SM New York - Wholesale Division

         The Company's SM New York Wholesale Division ("SMNY") began shipping
for the first time in the fourth quarter of 2005 and generated sales of
$1,576,000. SMNY(TM) is geared for young women ages 13 to 20 and is an "opening
price point" brand that is currently being sold at Federated Department Stores
and mid-tier department stores.

Diva Acquisition Corp. - Steven(R) Wholesale Division

         Diva Acquisition Corp. ("Steven(R)") designs and markets women's
fashion footwear under the Steven(R) trademark through major department and
better footwear specialty stores and two (2) Company-owned retail shoe stores
located in New York City and Miami. Priced a tier above the Steve Madden(R)
brand, Steven(R) products are designed to appeal principally to fashion
conscious women, ages 26 to 45, who shop at department stores and footwear
boutiques. Steven(R) generated net sales of $16,453,000 for the year ended
December 31, 2005, or approximately 4% of the Company's total net sales.

Stevies Inc. - Wholesale Division

         The Company's Stevies(R) Wholesale Division ("Stevies(R)") designs,
produces, sources, sells and markets footwear for girls to major department
stores, better specialty stores and shoe stores throughout the United States.

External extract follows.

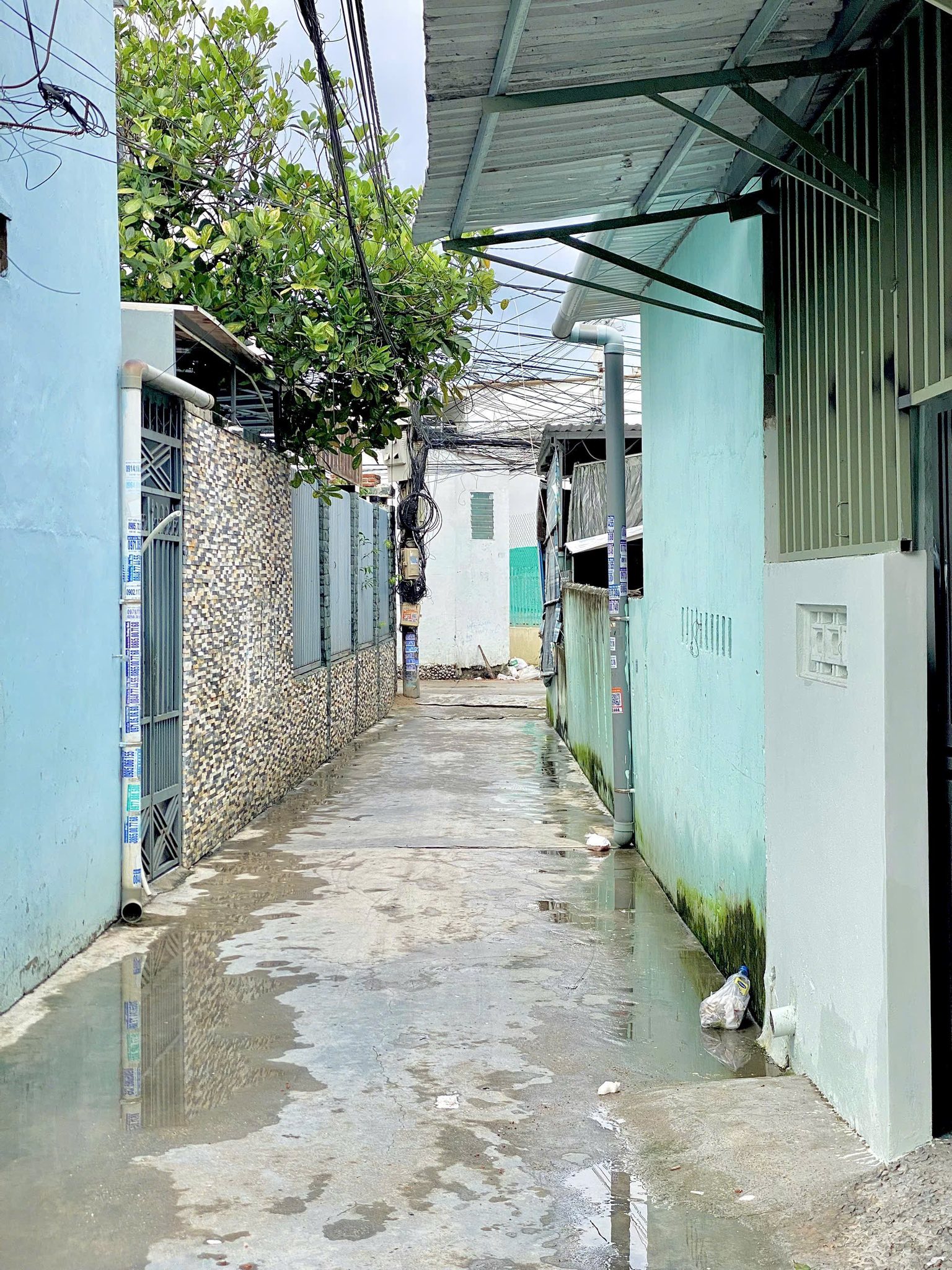  Bán nhà 2 tầng TTTp Nha Trang , hẻm thông , gần Cầu Hộ Phương Sài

                                       2


Stevies(R) generated net sales of $7,886,000 for the year ended December 31,
2005, or approximately 2% of the Company's total net sales. Stevies(R) products
are marketed through department stores, such as Federated Department Stores,
Belk and Limited Too, as well as independent children's stores throughout the
country.

Unionbay Men's Footwear Wholesale Division

         Pursuant to the Company's license agreement with Seattle Pacific
Industries, Inc., the Company has the right to use the Unionbay(R) trademark in
connection with the sale and marketing of footwear for men and boys. Unionbay(R)
is known for casual apparel in the young men's, junior's and children's
marketplace and is distributed nationally through department and specialty
stores. The Company's Unionbay(R) Wholesale Division ("Unionbay") generated net
sales of $726,000 for the year ended December 31, 2005, or under 1% of the
Company's total net sales.

Steven Madden Retail, Inc. - Retail Division

         As of December 31, 2005, the Company owned and operated 94 retail shoe
stores under the Steve Madden(R) name, two (2) under the Steven(R) name, one (1)
outlet store under the Shoe Biz name and one (1) Internet store (through the
www.stevemadden.com website). In 2005, the Company opened twelve (12) new stores
and closed five (5) under-performing stores. Most of the Steve Madden stores are
located in major shopping malls in Alabama, Arizona, California, Colorado,
Connecticut, Delaware, Florida, Georgia, Illinois, Kansas, Louisiana, Maryland,
Massachusetts, Michigan, Minnesota, Missouri, Nevada, New Jersey, New York,
North Carolina, Ohio, Pennsylvania, Puerto Rico, Rhode Island, Texas, Virginia,
Wisconsin and the District of Columbia. The retail stores generated annual sales
in excess of $771 per square foot. Sales are primarily from the sale of the
Company's Steve Madden(R) product line. Comparative store sales (sales of those
stores that were open for all of 2005 and 2004) increased 5% in 2005 compared to
2004. Net sales for the retail division were $121,511,000 for 2005. Net sales
from the Retail Division for the year ended December 31, 2005 were approximately
32% of the Company's total net sales.

         The Company believes that the retail division will continue to enhance
overall sales and profits of the Company while building equity in the Steve
Madden brand. The Company plans to add eight to ten (8 - 10) new retail stores
during 2006. The expansion of the retail division enables the Company to test
and react to new products and classifications which, in turn, strengthens the
product development efforts of the Steve Madden wholesale division.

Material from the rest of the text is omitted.